Exhibit facet browsing: Revision 3 / Dobrica Pavlinušić's random unstructured stuff

Dobrica Pavlinušić's random unstructured stuff

Exhibit facet browsing: Revision 3

We have few mp3 players which no longer work, but are still under warranty. So idea was to pick another device (which will hopefully work longer). However, on-line shops leave a lot to be desired if you want to just do quick filtering of data.

As a very fortunate incident, I stumbled upon Exhibit from SMILE project at MIT which brought us such nice tools as Timeline and Potluck.

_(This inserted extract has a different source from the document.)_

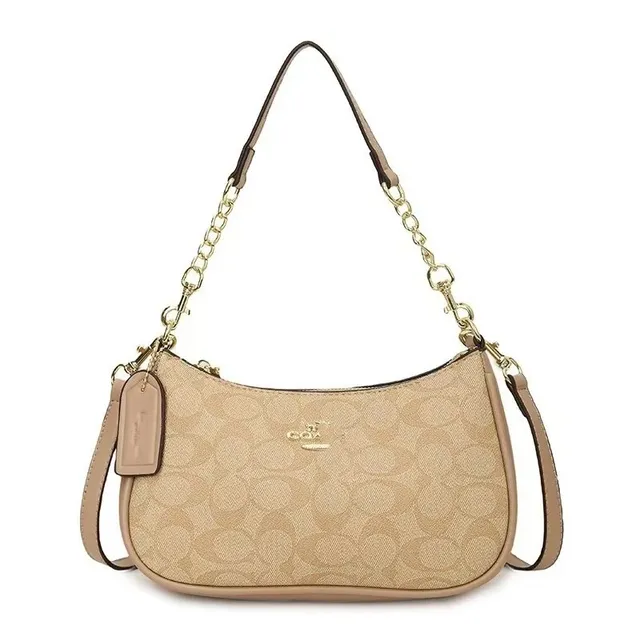Coach Shoulder Bag Signature Canvas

So, I scraped web, converted it to CSV and tried to do something with it. In the process I again re-visited the problem of semi-structured data: while data is separated in columns, one column has generic description, player name and all characteristics in it.

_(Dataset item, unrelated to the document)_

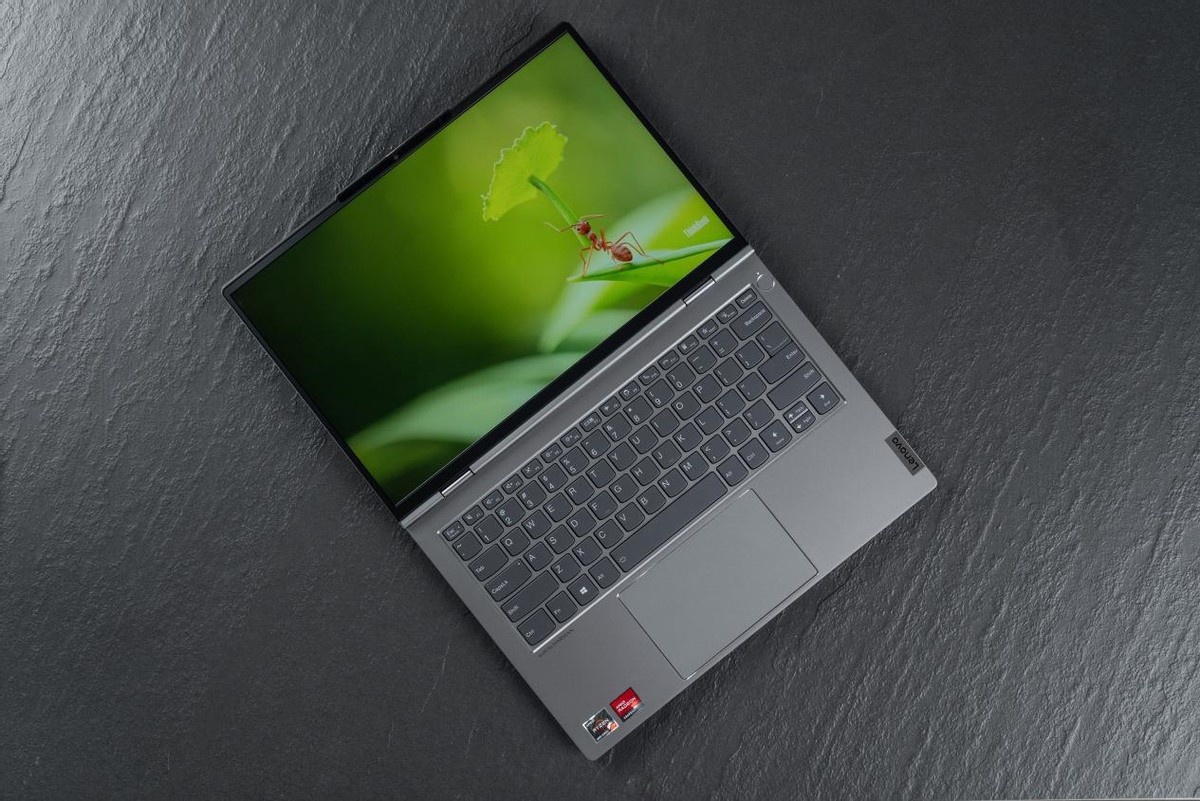 Laptop noi dia Trung Quoc anh 1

So, what did I do? Well, I started with CPAN and few hours later I had a script which is rather good in parsing semi-structured CSV files. It supports following:

guess CSV delimiter on it's own (using `Text::CSV::Separator`)
recognize 10 Kb and similar sizes and normalize them (using `Number::Bytes::Human`)
splitting of comma (,) separated values within single field
strip common prefix from all values in one column
group values and produce additional properties in data
generate specified number of groups for numeric data, useful for price ranges
produce JSON output for Exhibit using `JSON::Syck`

"
So how does it look?"http://blog.rot13.org/demo/links/links.html

In the end, it is very similar to the way Dabble DB parses your input. But, I never actually had any luck importing data into Dabble DB, so this one works better for me :-)

This will probably evolve to universal munger from CSV to arbitrary hash structure. What would be good name? Text::CSV::Mungler?

This is a first post in series of posts which will cover one hack a week on my blog. This will (hopefully) force me to write at least one post a week on one side, and provide some historic trace about my work for later.